THIS SIXTH SUPPLEMENTAL INDENTURE (this “Supplemental Indenture”), dated as of September 6, 2019, is by and among Andeavor Logistics LP (f/k/a Tesoro Logistics LP), a Delaware limited partnership (“ANDX”), Tesoro Logistics Finance Corp., a Delaware corporation (together with ANDX, the “Issuers”), and U.S. Bank National Association, as trustee (the “Trustee”).

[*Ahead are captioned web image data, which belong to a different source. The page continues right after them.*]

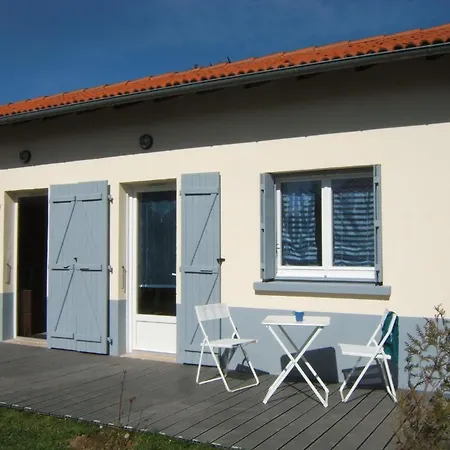 Le Clos Albertine לינה וארוחת בוקר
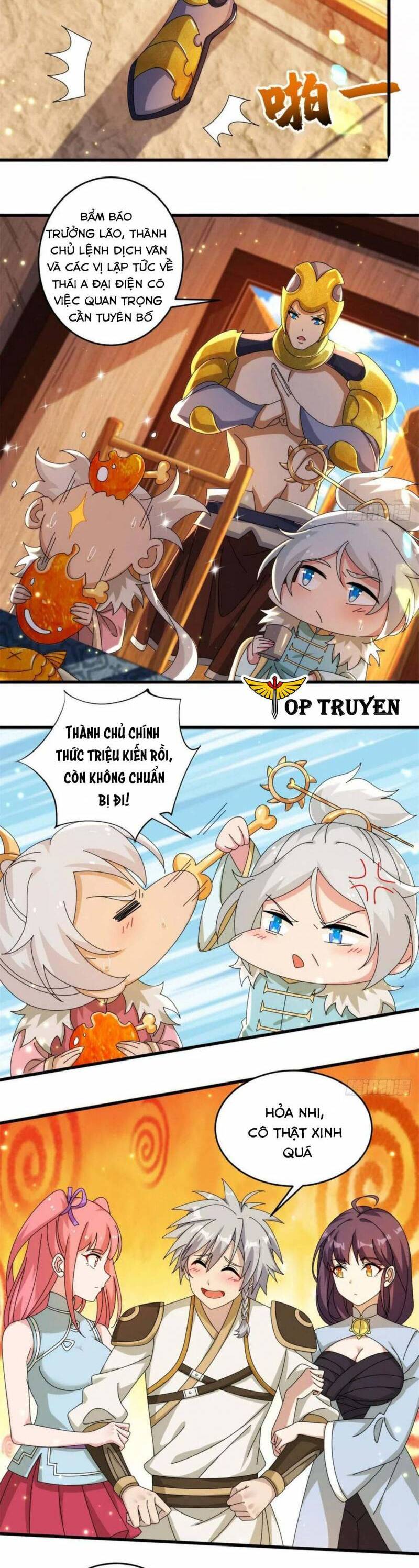 Chân Võ Thế Giới
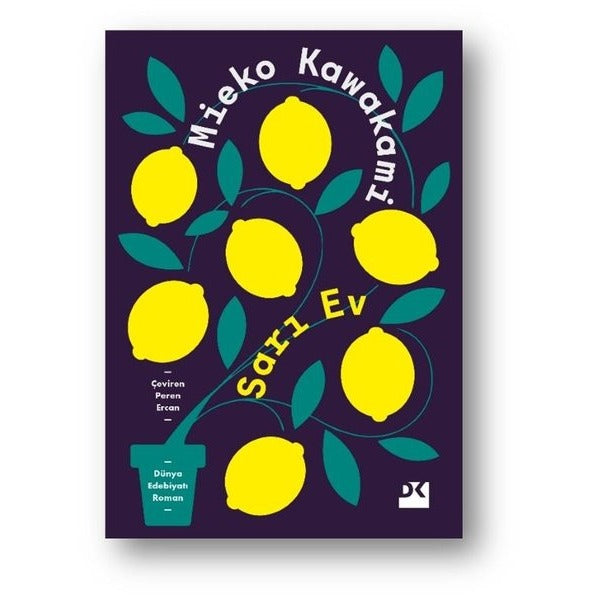 Sarı Ev | Doğan Kitap (İnce Kapak)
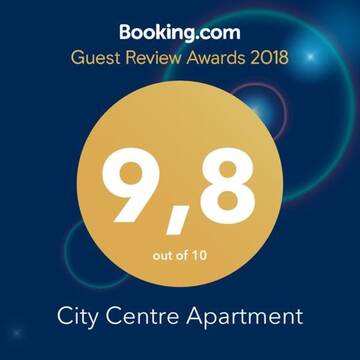 Фото номера Апартаменты Апартаменты City Centre Apartment г. Брест 75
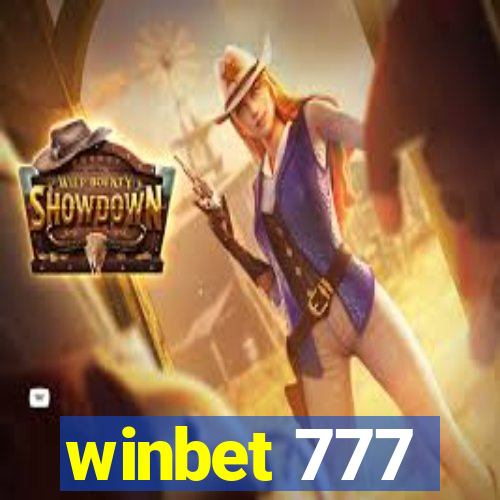 winbet 777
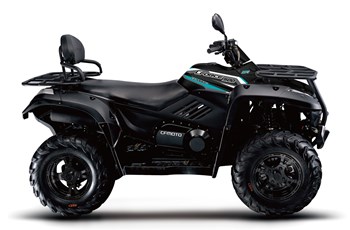 CFMOTO 500-2A Classic 2016 - Bild 5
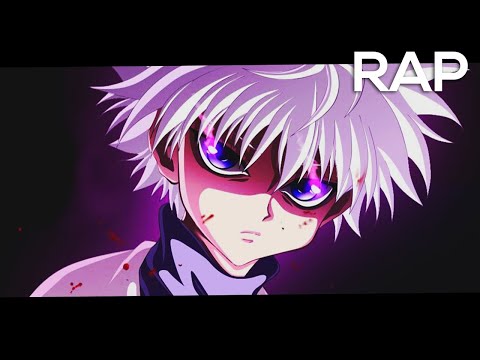 Rap do Killua ⚡ (Hunter x Hunter) | "Minha Aura Te Assusta?" | Jhonny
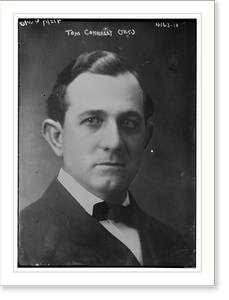 Vintage Photo Print - Tom Connally (Tex.) - Historic Wall Art Gift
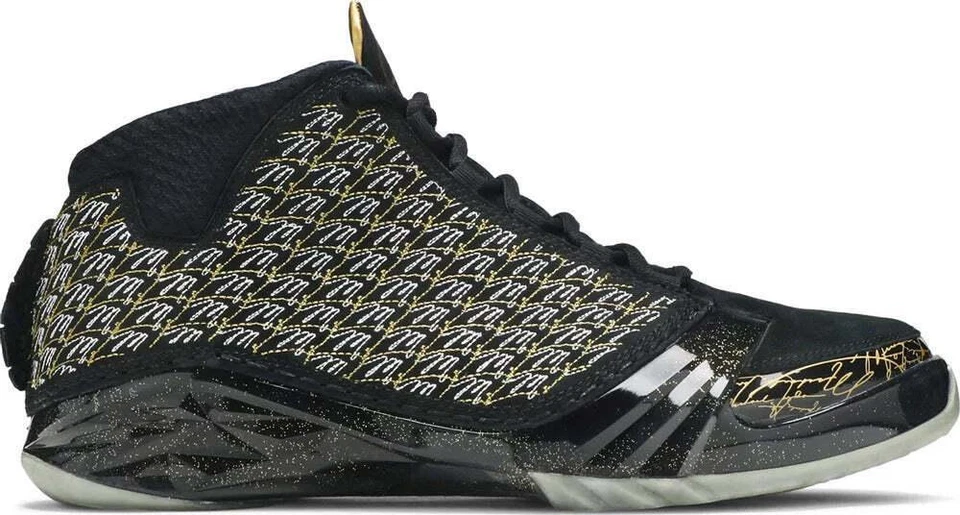 Trophy Room x Air Jordan 23 Retro Black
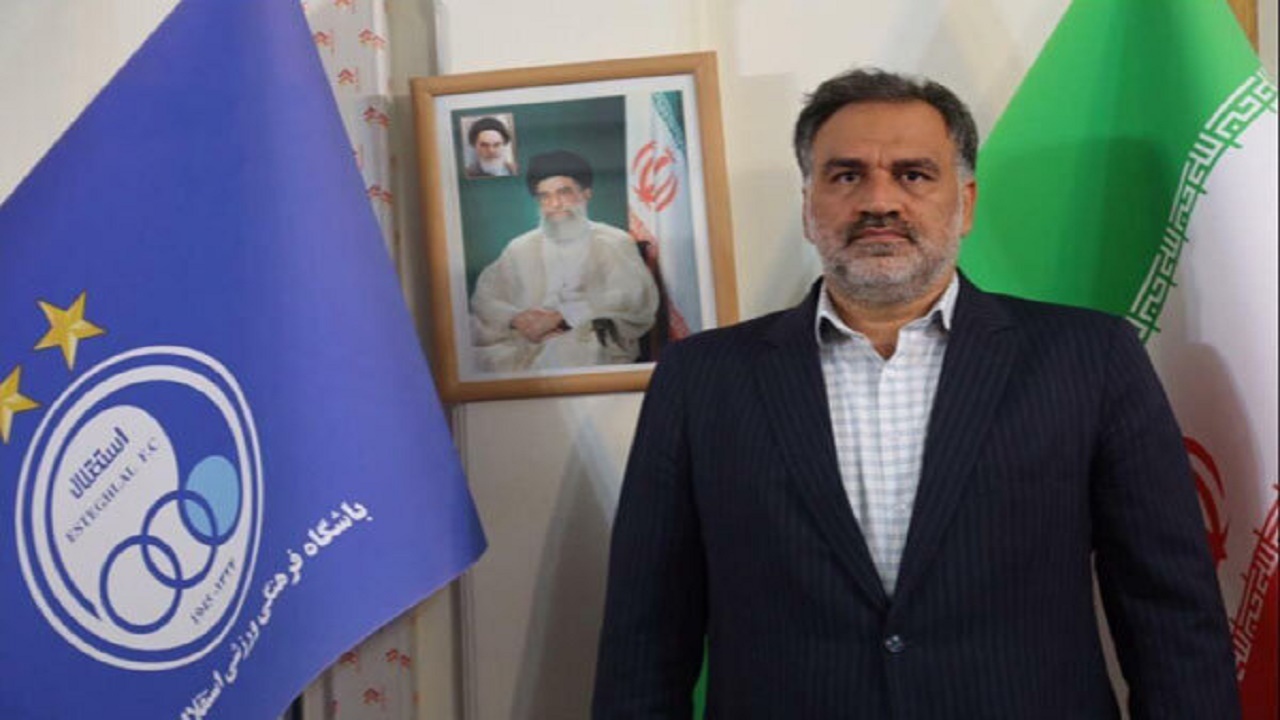 مددی: رضایتنامه قاسمی نژاد تا فردا به دستمان خواهد رسید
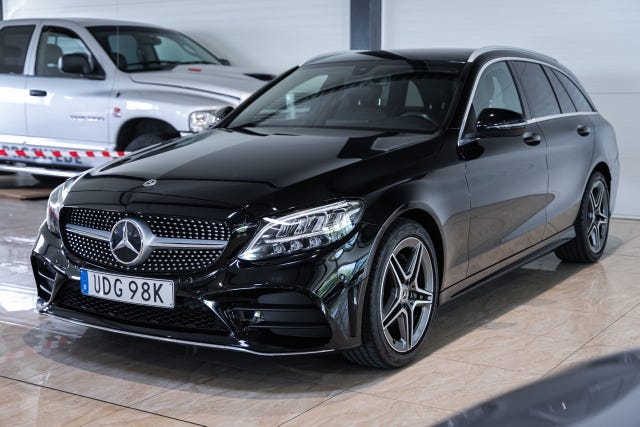 Mercedes-Benz C200 d 2019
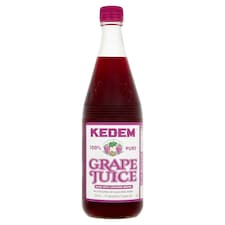 Kedem Pure Grape Juice - Concord 650ml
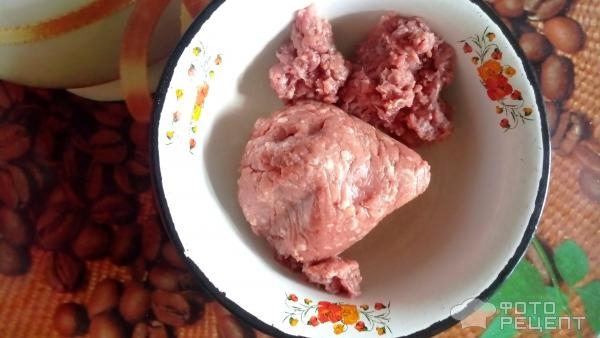 Рецепт: Котлеты из говядины с овощами - С морковью. Рецепт: Котлеты из говядины с овощами - С морковью.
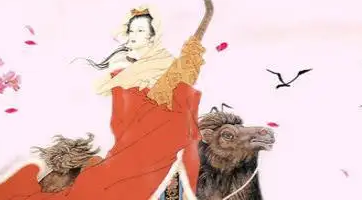 《双凤奇缘》第二十八章：美人计哄忠臣 李陵忿羞公主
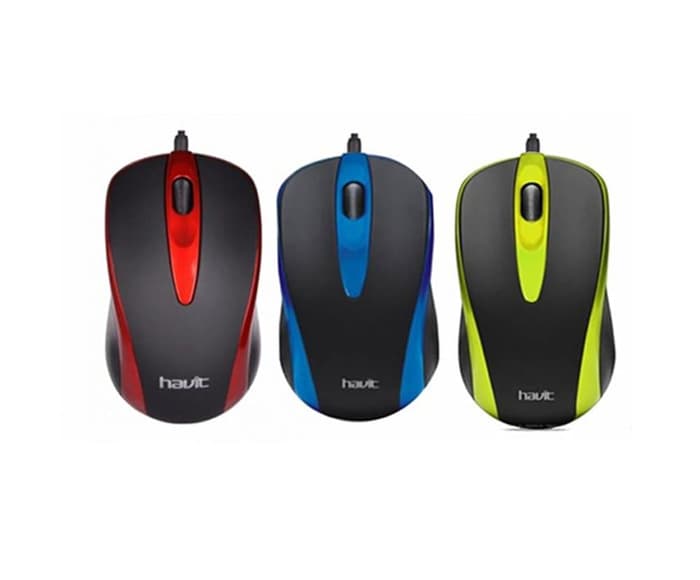 Havit USB Wired Mouse - HV-MS753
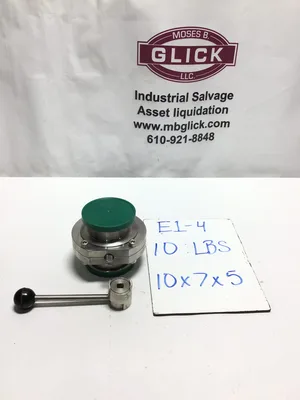 USED ALFA LAVAL LKB51A-3-E-316L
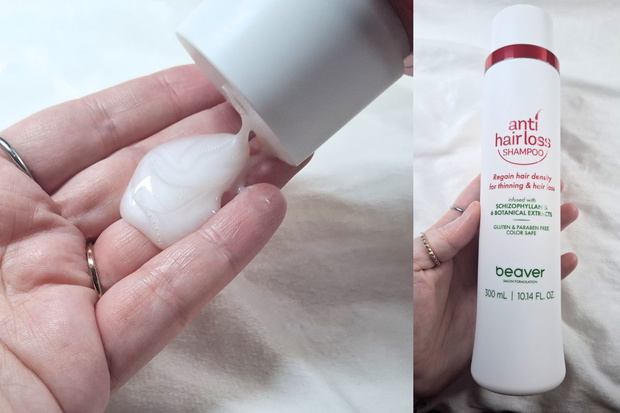 Beaver Anti Hair Loss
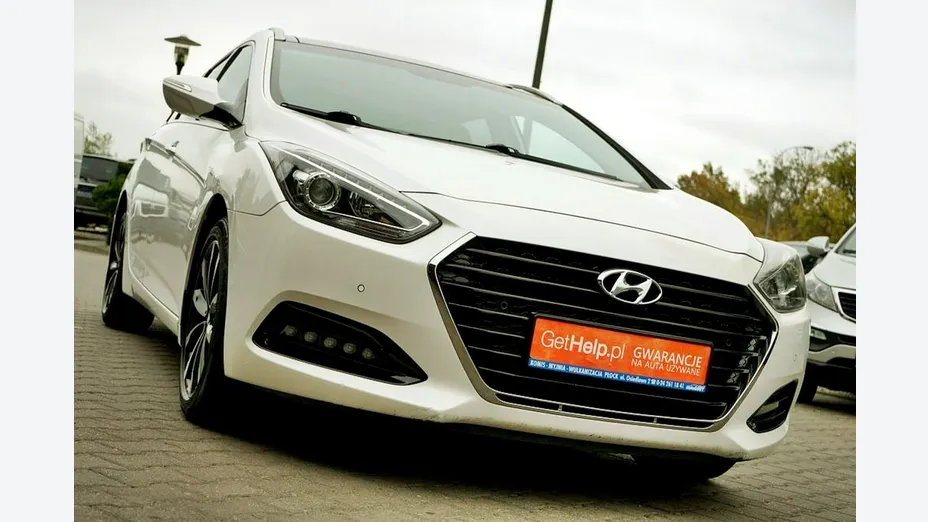 HYUNDAI i40 -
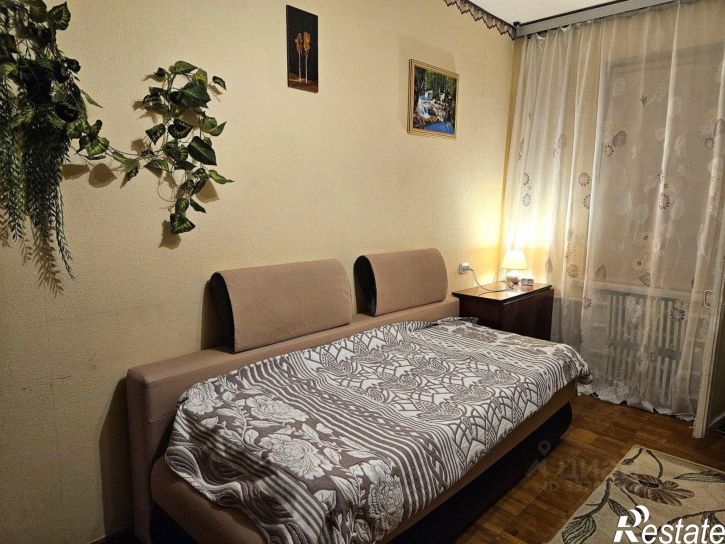 3-комн квартира ул им. Константина Симонова, 24,  д. 24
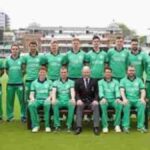 Ireland cricket team and its ODI international status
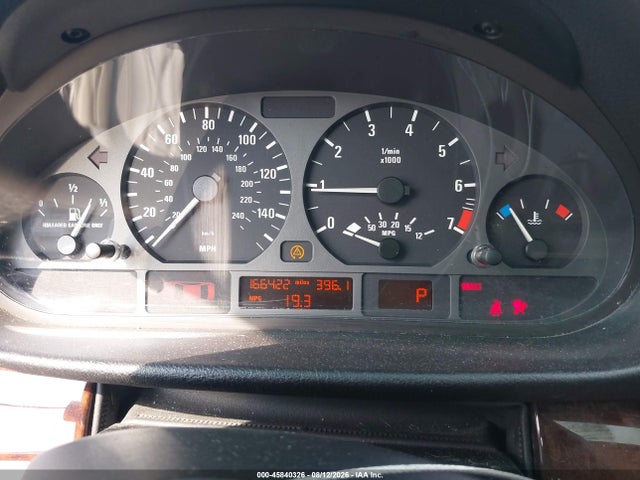 Продажа на аукционе авто 2005 Bmw 325i, vin: WBAET37445NJ86219, номер лота: 45840326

WHEREAS, the Issuers and the Trustee are parties to that certain Indenture dated as of October 29, 2014, creating the Issuers’ (i) 5.50% Senior Notes due 2019 (the “2019 Notes”) and (ii) 6.25% Senior Notes due 2022 (the “2022 Notes”), as supplemented by that Supplemental Indenture, dated as of December 2, 2014, as further supplemented by that Second Supplemental Indenture, dated as of May 21, 2015, as further supplemented by that Supplemental Indenture, dated as of November 2, 2016, as further supplemented by that Third Supplemental Indenture, dated as of October 30, 2017, as further supplemented by that Fourth Supplemental Indenture, dated as of November 20, 2017, as further supplemented by that Fifth Supplemental Indenture, dated as of August 6, 2018, and as further amended and supplemented in relation to the 2022 Notes (the “Indenture”);
WHEREAS, $300,000,000 aggregate principal amount of the 2022 Notes is currently outstanding;
WHEREAS, Section 9.02 of the Indenture provides that, with the consent of the Holders, with respect to the 2022 Notes, of at least a majority in aggregate principal amount of the 2022 Notes then-outstanding (including, without limitation, consents obtained in connection with an exchange offer for the 2022 Notes), the Issuers and the Trustee may enter into an indenture supplemental to the Indenture for the purpose of amending or supplementing the Indenture or the 2022 Notes (subject to certain exceptions);
WHEREAS, the Issuers desire and have requested the Trustee to join with them in entering into this Supplemental Indenture for the purpose of amending the Indenture and the 2022 Notes in certain respects as permitted by Section 9.02 of the Indenture;
WHEREAS, the Issuers have been soliciting consents to this Supplemental Indenture upon the terms and subject to the conditions set forth in the Offering Memorandum and Consent Solicitation Statement (herein so called) of MPLX LP and the Issuers dated August 22, 2019 (which, including any amendments, modifications or supplements thereto, governs the “Consent Solicitation” for the 2022 Notes); and
WHEREAS, (1) the Issuers have received the consent of the Holders of at least a majority in aggregate principal amount of the outstanding 2022 Notes (excluding any 2022 Notes owned by the Issuers or any of their Affiliates), all as certified by an Officers’ Certificate delivered to the Trustee simultaneously with the execution and delivery of this Supplemental Indenture, (2) the Issuers have delivered to the Trustee simultaneously with the execution and delivery of this Supplemental Indenture an Opinion of Counsel relating to this Supplemental Indenture as contemplated by Section 9.06 of the Indenture and (3) the Issuers have satisfied all other conditions required under Article IX of the Indenture to enable the Issuers and the Trustee to enter into this Supplemental Indenture.